### Dataset: The Movies Dataset

[Click here to access the dataset on Kaggle](https://www.kaggle.com/datasets/rounakbanik/the-movies-dataset)

#### Description:
This dataset contains metadata for thousands of movies, including genres, cast, crew, keywords, production companies, and user ratings.


In [9]:
import pandas as pd
import numpy as np
from ast import literal_eval

import warnings
warnings.filterwarnings('ignore')

In [39]:
movies_meta = pd.read_csv('large_dataset/movies_metadata.csv')
credits = pd.read_csv('large_dataset/credits.csv')

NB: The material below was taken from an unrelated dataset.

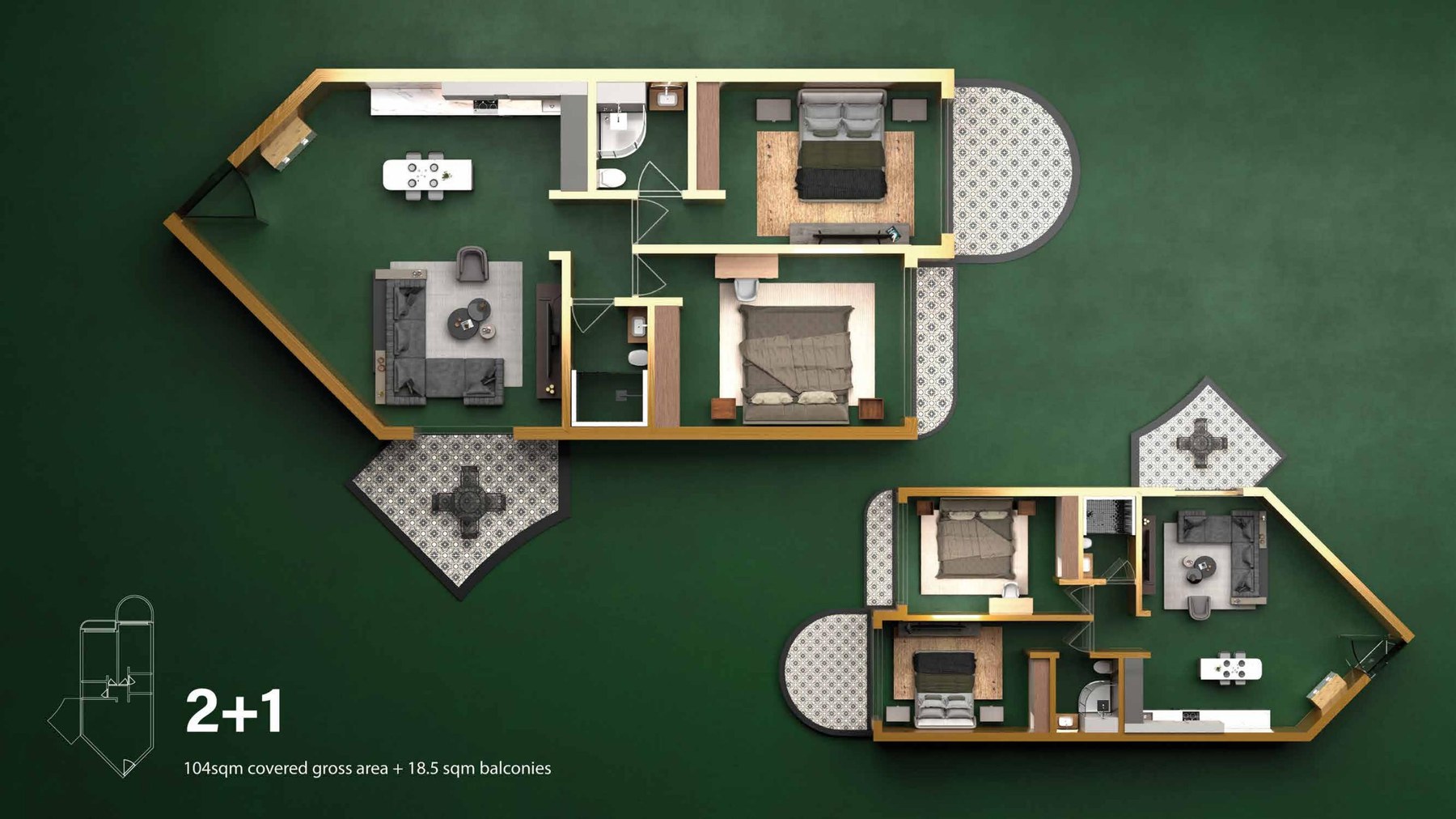 2+1 Daire - frontend.project_detail.floor_plan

ratings = pd.read_csv('large_dataset/ratings.csv')

In [49]:
movies_meta['title'] = movies_meta['title'] + ' '+ movies_meta['release_date'].fillna('NA').apply(lambda x: x[:4])

movies_meta['genres'] = movies_meta['genres'].fillna('[]').apply(literal_eval).apply(lambda x: [i['name'] for i in x] if isinstance(x, list) else [])
movies_meta['genres'] = movies_meta['genres'].apply(lambda x: 'genres : ' + ' '.join(x))

In [51]:
def get_director(x):
    for i in x:
        if i['job'] == 'Director':
            return i['name']
    return np.nan

credits['director'] = credits['crew'].apply(literal_eval).apply(get_director)
credits['cast'] = credits['cast'].apply(literal_eval).apply(lambda x: [x[i]['name'] for i in range(min(len(x), 3))] if isinstance(x, list) else ['Not Available/'])

In [53]:
movies_meta = movies_meta[['id','title','genres','overview','vote_average','vote_count']]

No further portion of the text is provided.